Web page caption snippets
________________________________________
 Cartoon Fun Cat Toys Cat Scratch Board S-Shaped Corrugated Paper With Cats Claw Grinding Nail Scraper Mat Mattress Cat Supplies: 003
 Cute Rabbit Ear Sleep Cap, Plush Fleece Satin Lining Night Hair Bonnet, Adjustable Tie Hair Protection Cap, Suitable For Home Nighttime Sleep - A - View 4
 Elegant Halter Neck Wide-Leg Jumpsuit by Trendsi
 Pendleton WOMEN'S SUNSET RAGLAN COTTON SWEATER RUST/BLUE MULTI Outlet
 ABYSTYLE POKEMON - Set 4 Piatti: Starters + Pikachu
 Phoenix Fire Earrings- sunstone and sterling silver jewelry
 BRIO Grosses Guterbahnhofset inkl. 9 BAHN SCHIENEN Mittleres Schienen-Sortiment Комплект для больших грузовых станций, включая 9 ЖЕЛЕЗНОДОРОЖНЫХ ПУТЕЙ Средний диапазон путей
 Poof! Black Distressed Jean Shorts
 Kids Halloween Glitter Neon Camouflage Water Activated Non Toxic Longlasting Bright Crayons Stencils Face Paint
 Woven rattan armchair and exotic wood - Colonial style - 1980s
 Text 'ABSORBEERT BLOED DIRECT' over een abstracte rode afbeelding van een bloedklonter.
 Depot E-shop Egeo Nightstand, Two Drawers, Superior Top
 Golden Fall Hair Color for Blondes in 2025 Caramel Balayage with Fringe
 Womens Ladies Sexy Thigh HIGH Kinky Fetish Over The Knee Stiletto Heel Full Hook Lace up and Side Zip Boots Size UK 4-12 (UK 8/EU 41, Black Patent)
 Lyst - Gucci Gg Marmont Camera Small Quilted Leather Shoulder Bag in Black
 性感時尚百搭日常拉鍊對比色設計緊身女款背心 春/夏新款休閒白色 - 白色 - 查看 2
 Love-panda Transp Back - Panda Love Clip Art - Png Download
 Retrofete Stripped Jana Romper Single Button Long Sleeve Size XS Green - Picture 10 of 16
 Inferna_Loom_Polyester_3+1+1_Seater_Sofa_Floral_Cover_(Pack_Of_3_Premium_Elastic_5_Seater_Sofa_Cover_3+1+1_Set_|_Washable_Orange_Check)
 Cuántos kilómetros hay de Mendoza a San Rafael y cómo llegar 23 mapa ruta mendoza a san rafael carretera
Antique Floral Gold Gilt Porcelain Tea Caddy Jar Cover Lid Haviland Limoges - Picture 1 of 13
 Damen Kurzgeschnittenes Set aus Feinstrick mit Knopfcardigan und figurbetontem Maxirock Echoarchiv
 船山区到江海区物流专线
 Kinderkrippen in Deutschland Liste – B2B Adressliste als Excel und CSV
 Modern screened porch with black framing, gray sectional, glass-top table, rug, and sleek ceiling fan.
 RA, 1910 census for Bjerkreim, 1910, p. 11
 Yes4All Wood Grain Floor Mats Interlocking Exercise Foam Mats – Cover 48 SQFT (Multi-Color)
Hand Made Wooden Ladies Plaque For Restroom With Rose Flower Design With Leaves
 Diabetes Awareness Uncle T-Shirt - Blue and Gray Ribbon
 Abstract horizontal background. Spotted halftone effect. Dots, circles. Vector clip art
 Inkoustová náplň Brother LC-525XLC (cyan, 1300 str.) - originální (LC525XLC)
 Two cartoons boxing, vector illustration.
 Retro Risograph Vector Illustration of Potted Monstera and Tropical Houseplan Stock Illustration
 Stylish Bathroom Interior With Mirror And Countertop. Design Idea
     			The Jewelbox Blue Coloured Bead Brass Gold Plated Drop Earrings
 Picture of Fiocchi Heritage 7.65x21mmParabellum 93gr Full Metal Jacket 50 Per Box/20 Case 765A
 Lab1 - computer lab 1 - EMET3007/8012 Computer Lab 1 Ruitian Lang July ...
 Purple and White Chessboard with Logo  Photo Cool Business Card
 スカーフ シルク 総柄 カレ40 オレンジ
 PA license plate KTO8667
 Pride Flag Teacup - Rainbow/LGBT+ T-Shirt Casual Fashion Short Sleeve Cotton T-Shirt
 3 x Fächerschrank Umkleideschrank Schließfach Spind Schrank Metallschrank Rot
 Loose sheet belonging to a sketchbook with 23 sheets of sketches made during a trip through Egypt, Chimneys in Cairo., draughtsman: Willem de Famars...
________________________________________
### INSTRUCTIONS FOR THE TASK
Each record must be output exactly, with none omitted.

### WRITTEN SOLUTION
 Cartoon Fun Cat Toys Cat Scratch Board S-Shaped Corrugated Paper With Cats Claw Grinding Nail Scraper Mat Mattress Cat Supplies: 003
 Cute Rabbit Ear Sleep Cap, Plush Fleece Satin Lining Night Hair Bonnet, Adjustable Tie Hair Protection Cap, Suitable For Home Nighttime Sleep - A - View 4
 Elegant Halter Neck Wide-Leg Jumpsuit by Trendsi
 Pendleton WOMEN'S SUNSET RAGLAN COTTON SWEATER RUST/BLUE MULTI Outlet
 ABYSTYLE POKEMON - Set 4 Piatti: Starters + Pikachu
 Phoenix Fire Earrings- sunstone and sterling silver jewelry
 BRIO Grosses Guterbahnhofset inkl. 9 BAHN SCHIENEN Mittleres Schienen-Sortiment Комплект для больших грузовых станций, включая 9 ЖЕЛЕЗНОДОРОЖНЫХ ПУТЕЙ Средний диапазон путей
 Poof! Black Distressed Jean Shorts
 Kids Halloween Glitter Neon Camouflage Water Activated Non Toxic Longlasting Bright Crayons Stencils Face Paint
 Woven rattan armchair and exotic wood - Colonial style - 1980s
 Text 'ABSORBEERT BLOED DIRECT' over een abstracte rode afbeelding van een bloedklonter.
 Depot E-shop Egeo Nightstand, Two Drawers, Superior Top
 Golden Fall Hair Color for Blondes in 2025 Caramel Balayage with Fringe
 Womens Ladies Sexy Thigh HIGH Kinky Fetish Over The Knee Stiletto Heel Full Hook Lace up and Side Zip Boots Size UK 4-12 (UK 8/EU 41, Black Patent)
 Lyst - Gucci Gg Marmont Camera Small Quilted Leather Shoulder Bag in Black
 性感時尚百搭日常拉鍊對比色設計緊身女款背心 春/夏新款休閒白色 - 白色 - 查看 2
 Love-panda Transp Back - Panda Love Clip Art - Png Download
 Retrofete Stripped Jana Romper Single Button Long Sleeve Size XS Green - Picture 10 of 16
 Inferna_Loom_Polyester_3+1+1_Seater_Sofa_Floral_Cover_(Pack_Of_3_Premium_Elastic_5_Seater_Sofa_Cover_3+1+1_Set_|_Washable_Orange_Check)
 Cuántos kilómetros hay de Mendoza a San Rafael y cómo llegar 23 mapa ruta mendoza a san rafael carretera
Antique Floral Gold Gilt Porcelain Tea Caddy Jar Cover Lid Haviland Limoges - Picture 1 of 13
 Damen Kurzgeschnittenes Set aus Feinstrick mit Knopfcardigan und figurbetontem Maxirock Echoarchiv
 船山区到江海区物流专线
 Kinderkrippen in Deutschland Liste – B2B Adressliste als Excel und CSV
 Modern screened porch with black framing, gray sectional, glass-top table, rug, and sleek ceiling fan.
 RA, 1910 census for Bjerkreim, 1910, p. 11
 Yes4All Wood Grain Floor Mats Interlocking Exercise Foam Mats – Cover 48 SQFT (Multi-Color)
Hand Made Wooden Ladies Plaque For Restroom With Rose Flower Design With Leaves
 Diabetes Awareness Uncle T-Shirt - Blue and Gray Ribbon
 Abstract horizontal background. Spotted halftone effect. Dots, circles. Vector clip art
 Inkoustová náplň Brother LC-525XLC (cyan, 1300 str.) - originální (LC525XLC)
 Two cartoons boxing, vector illustration.
 Retro Risograph Vector Illustration of Potted Monstera and Tropical Houseplan Stock Illustration
 Stylish Bathroom Interior With Mirror And Countertop. Design Idea
     			The Jewelbox Blue Coloured Bead Brass Gold Plated Drop Earrings
 Picture of Fiocchi Heritage 7.65x21mmParabellum 93gr Full Metal Jacket 50 Per Box/20 Case 765A
 Lab1 - computer lab 1 - EMET3007/8012 Computer Lab 1 Ruitian Lang July ...
 Purple and White Chessboard with Logo  Photo Cool Business Card
 スカーフ シルク 総柄 カレ40 オレンジ
 PA license plate KTO8667
 Pride Flag Teacup - Rainbow/LGBT+ T-Shirt Casual Fashion Short Sleeve Cotton T-Shirt
 3 x Fächerschrank Umkleideschrank Schließfach Spind Schrank Metallschrank Rot
 Loose sheet belonging to a sketchbook with 23 sheets of sketches made during a trip through Egypt, Chimneys in Cairo., draughtsman: Willem de Famars...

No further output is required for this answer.